Let’s continue looking into the NFIB survey to get a complete grasp of the state of small businesses as of July.

Economic News

Let’s continue looking into the NFIB survey to get a complete grasp of the state of small businesses as of July. The chart below is the most important one in the survey as it shows the credit conditions small businesses face. Credit conditions remain solid as they inch up to the highs made in the early 2000s. The trend in all these graphs is that the economy is getting back to the pre-recession levels. As much as the bears like to think that’s ominous, I don’t think that is necessarily the case. There needs to be a catalyst to bring the economy to its knees, namely rising rates. It’s amazing to see how bad the economy got in 2008. The few years where credit was tough to come by gave the economy pent up demand in terms of good businesses needing loans. The best time to buy IPOs is right after a recession as only the best businesses can raise capital when the economy is rough. Now we have weak firms like Snap and Blue Apron selling stock because credit conditions have been great for years.

The availability of loans index mimics the credit conditions index as it was -3 in July which is tied for the best reading since 2012. Obviously, low interest rates play a strong role in the ability to access capital cheaply. One of the few indicators which still has room to run in terms of getting to pre-recessionary levels is capital expenditures. As you can see in the chart below, capex is lower than it was in the early 2000s. It appears that small businesses are just like large firms which aren’t putting much money into fixed investments. This means small businesses are also partially to blame for productivity growth problems. One interesting part of this survey is that retailers are the number one category which participated. It’s surprising to see such positivity coming from them since retail has been a tough category this year. Some are probably online retailers, but Amazon makes competition in that space tough as well.

Not only are the job openings looking good for the small business economy, but they’re also looking great overall. As you can see from the chart below, openings spiked to a record high. The JOLTS increased 461,000 to 6.163 million. The job opening rate of 4% tied for a record high. As you can see, the hires and quits dipped slightly, but that’s nothing to worry about.

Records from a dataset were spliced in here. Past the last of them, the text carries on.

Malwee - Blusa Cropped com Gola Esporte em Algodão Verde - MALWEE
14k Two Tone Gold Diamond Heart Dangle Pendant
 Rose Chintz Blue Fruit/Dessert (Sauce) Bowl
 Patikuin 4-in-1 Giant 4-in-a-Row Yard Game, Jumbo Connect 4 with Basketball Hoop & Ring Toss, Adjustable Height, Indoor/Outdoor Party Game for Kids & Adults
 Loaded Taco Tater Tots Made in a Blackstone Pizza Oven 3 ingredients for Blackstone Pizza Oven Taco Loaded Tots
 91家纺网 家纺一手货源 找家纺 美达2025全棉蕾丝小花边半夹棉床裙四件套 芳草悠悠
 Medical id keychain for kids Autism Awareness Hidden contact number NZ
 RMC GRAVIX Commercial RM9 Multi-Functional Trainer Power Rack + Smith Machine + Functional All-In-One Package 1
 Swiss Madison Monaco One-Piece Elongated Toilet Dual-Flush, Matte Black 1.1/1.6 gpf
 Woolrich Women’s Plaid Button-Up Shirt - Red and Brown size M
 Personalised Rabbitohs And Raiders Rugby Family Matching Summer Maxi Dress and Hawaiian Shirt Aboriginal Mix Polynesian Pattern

As you might be aware of, the most difficult part of this recovery has been getting productivity growth. That’s what generates standard of living improvements because it allows employers to pay workers more without raising prices. Put another way, it is the only lever that boosts real wages. We got good news on the labor productivity front this week as the non-farm productivity annual run rate from April to June was 0.9% which was a bump from the 0.1% growth in the first quarter. The first quarter initially showed 0% growth which is emblematic of the weak recovery we have seen thus far. On a year over year basis, Q2 productivity grew 1.2% which beat estimates for 0.7% growth.

We’re still far from at a healthy growth rate, but this is a step in the right direction. Output per worker was up at a 3.4% rate, but that’s partially due to the 2.5% gain in hours worked. We want people to be more efficient, doing more in the same amount of time. Surprisingly, unit labor cost was only up 0.6%. That’s good news for the economy because it means inflation didn’t come from the labor market. However, looking at the April-June results is old news. The next few quarters should show increases.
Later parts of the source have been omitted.